# How is this "seeing" to be understood?



## JennyG (Mar 16, 2010)

- since we are told no-one can see God, and live. Did they see Christ?

Exodus 24 v 9-11
Then went up Moses, and Aaron, Nadab, and Abihu, and seventy of the elders of Israel; 
And they saw the God of Israel: and there was under his feet as it were a paved work of a sapphire stone, and as it were the body of heaven in his clearness.
And upon the nobles of Israel he laid not his hand: also they saw God, and did eat and drink......


----------



## Contra_Mundum (Mar 16, 2010)

A Christophany seems most reasonable explanation.

Compare with Ezekiel's and John's visions, and other sights.
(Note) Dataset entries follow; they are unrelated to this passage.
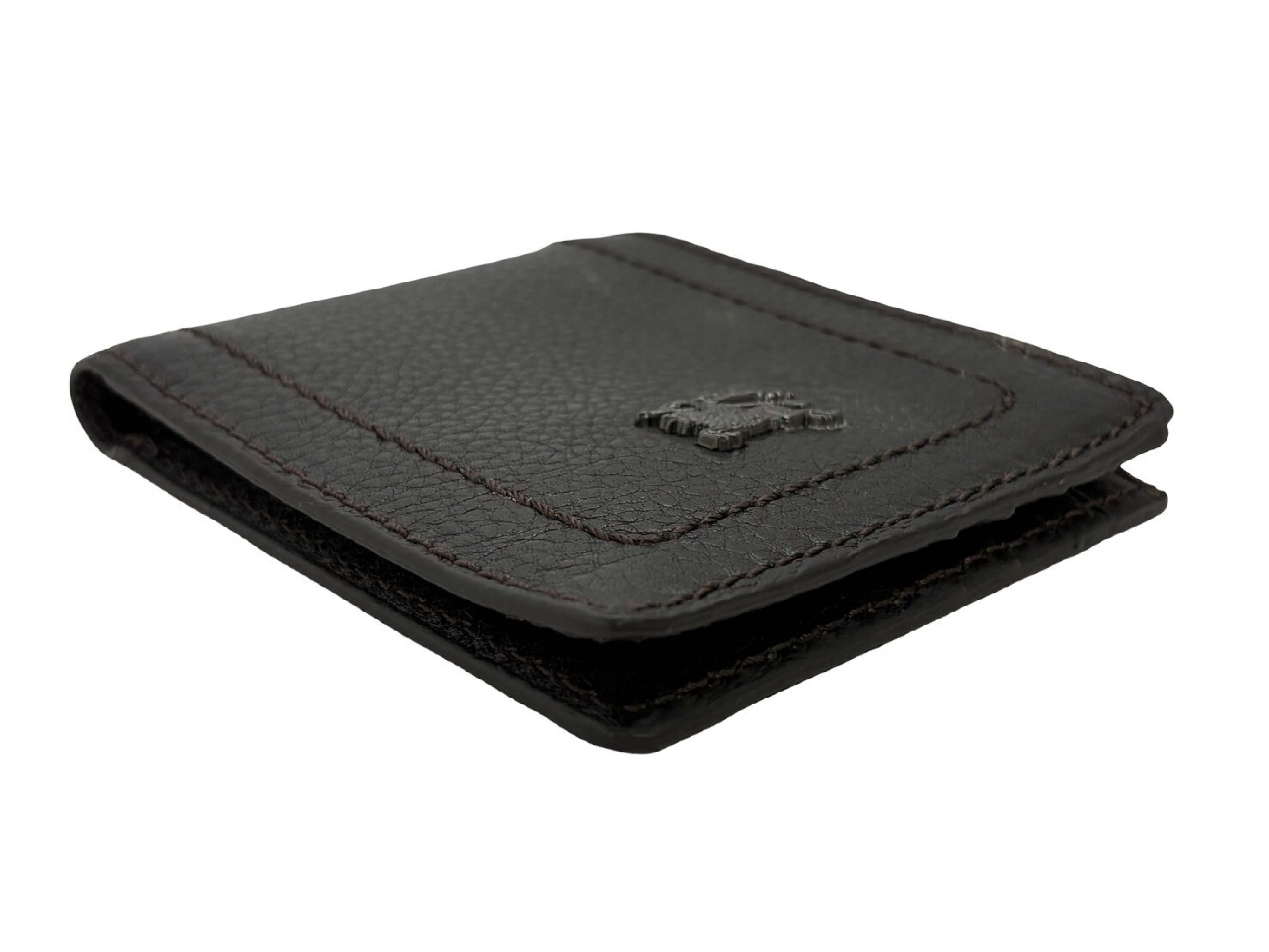Black Leather Wallet Billfold — view 4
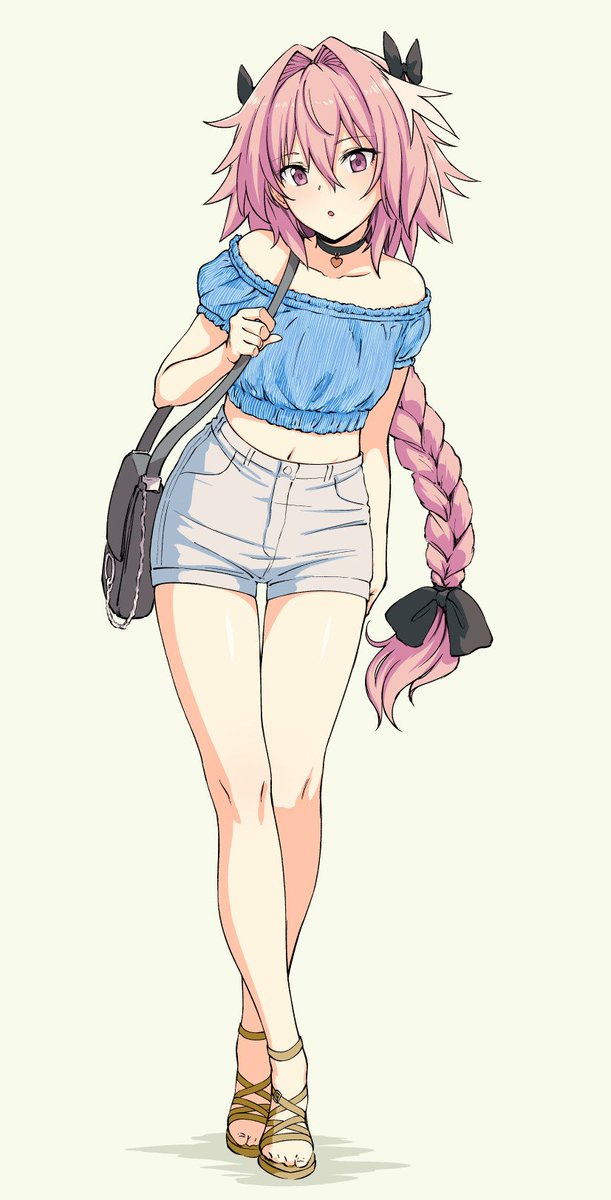 Pink haired anime trap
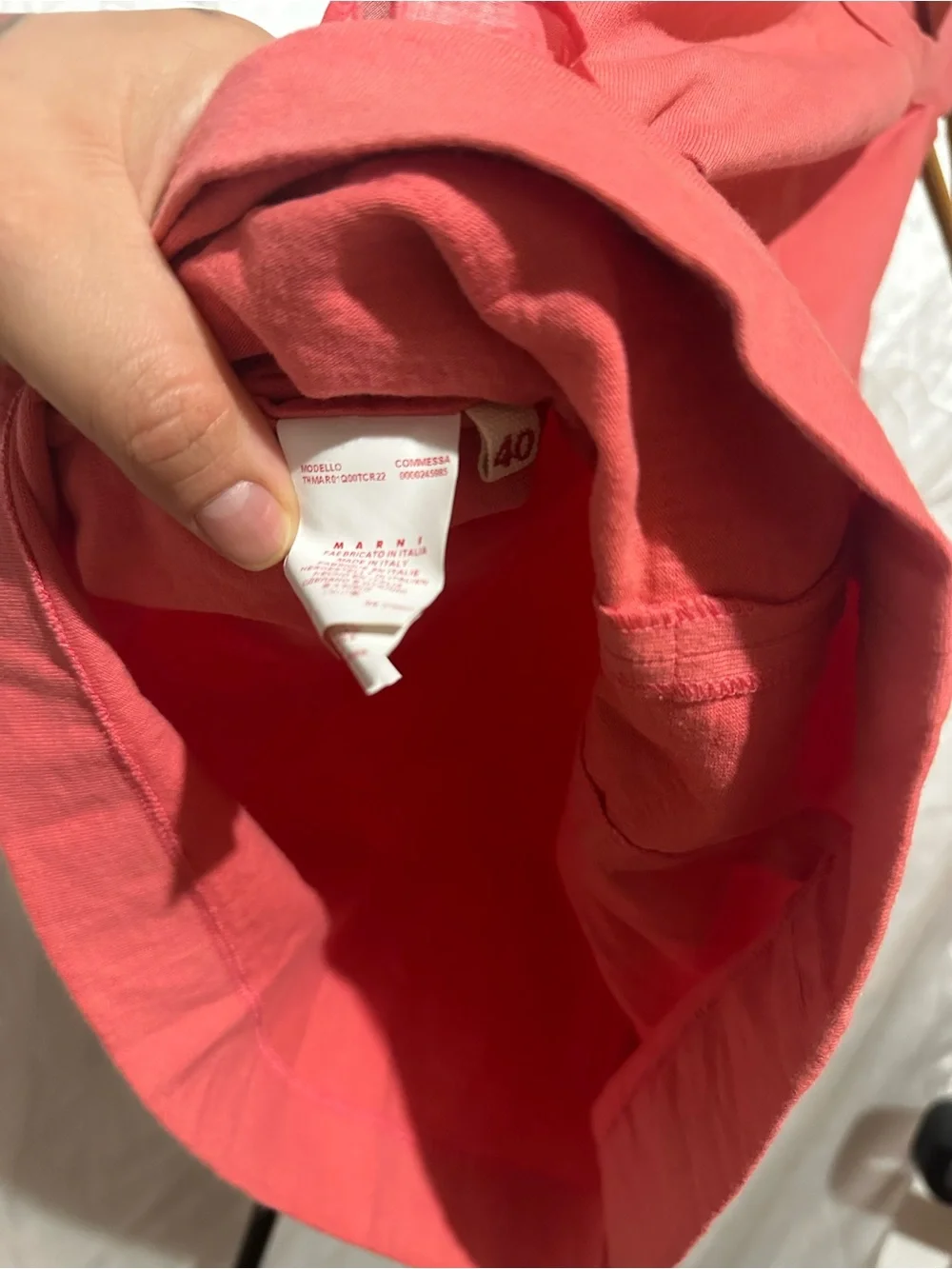 Marni Red Ruffle-Trim Tank Top - Picture 3 of 3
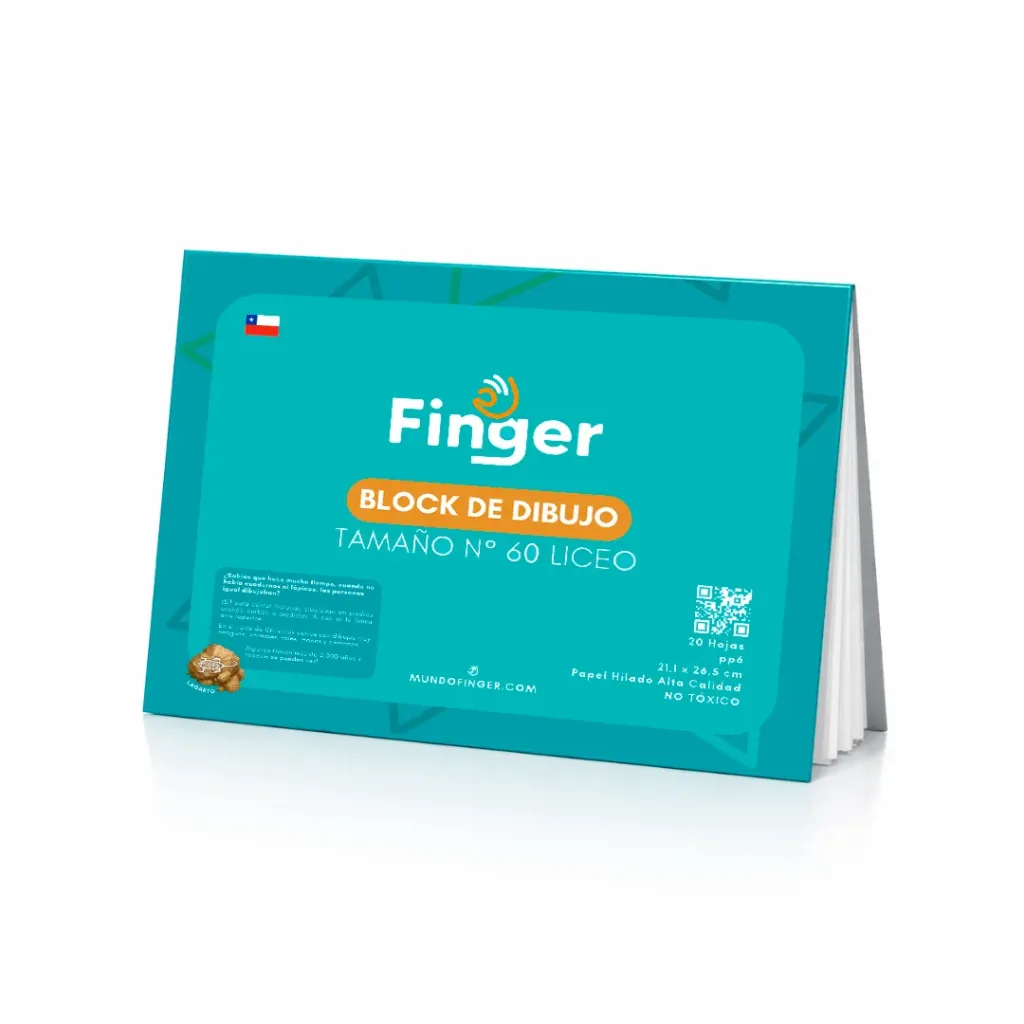 [kit-5140] Caja 80 unidades Block dibujo liceo 60 20 hojas - Finger / AACL09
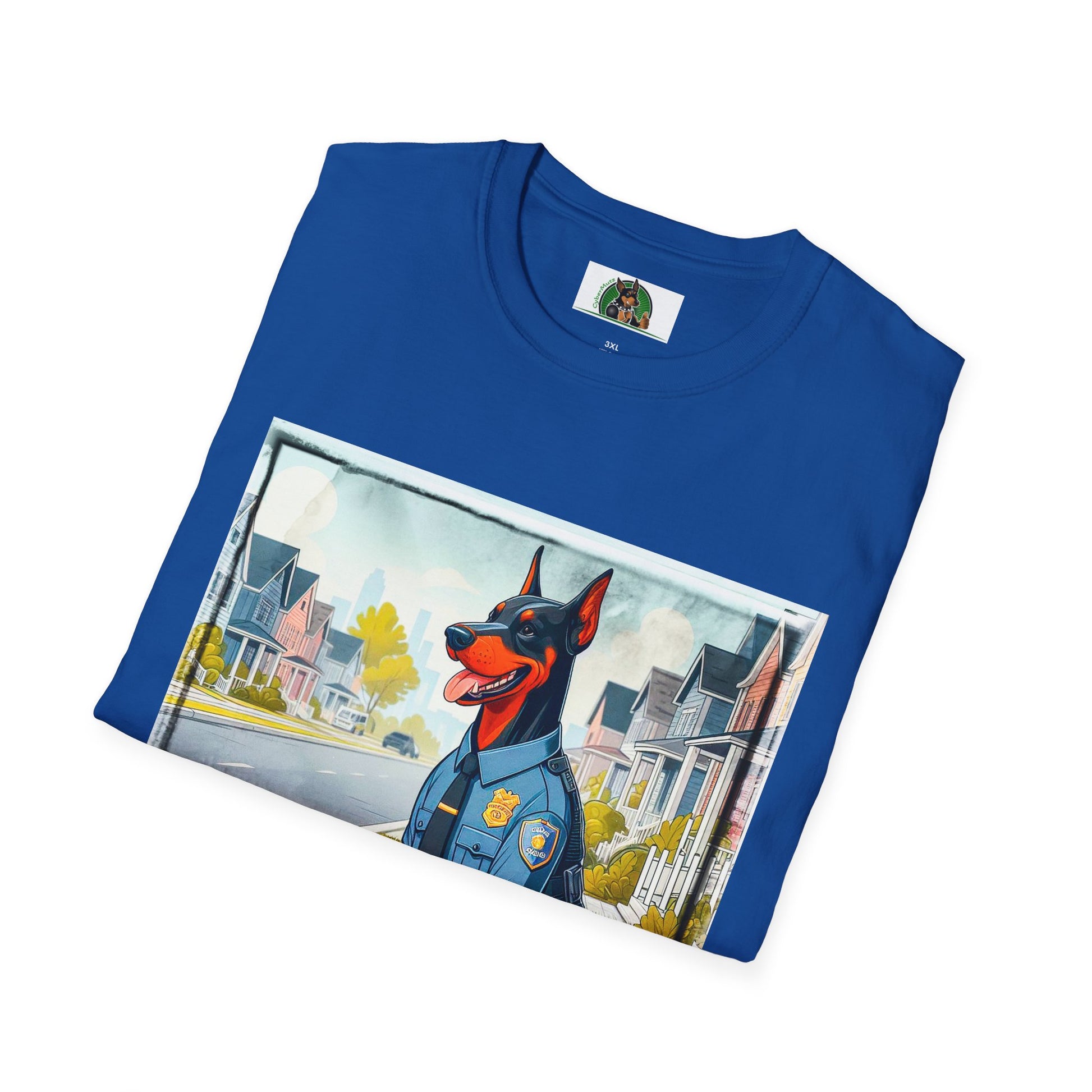 Doberman T-Shirt Printify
I do not believe there is any other satisfactory explanation, when "No one has seen God at any time" (1Jn.4:!2), and plainly people have seen some manifestation: "We shall surely die, for we have seen God" (Jdg.6:22), or Gen.32:30, "And Jacob called the name of the place Peniel: for I have seen God face to face, and my life is preserved."

When the Lord is manifested, it is not according to his pure divine essence, but according to some accommodated revelation (whether angelic, bodily, as a dove, or in a burning bush, etc.). And that manifestation has always been in the Second Person.


----------



## JennyG (Mar 16, 2010)

Thank you, I thought that must be the answer.

ps thank you also to whoever corrected the spelling mistake in the title. I tried to edit it, but for some reason couldn't!


----------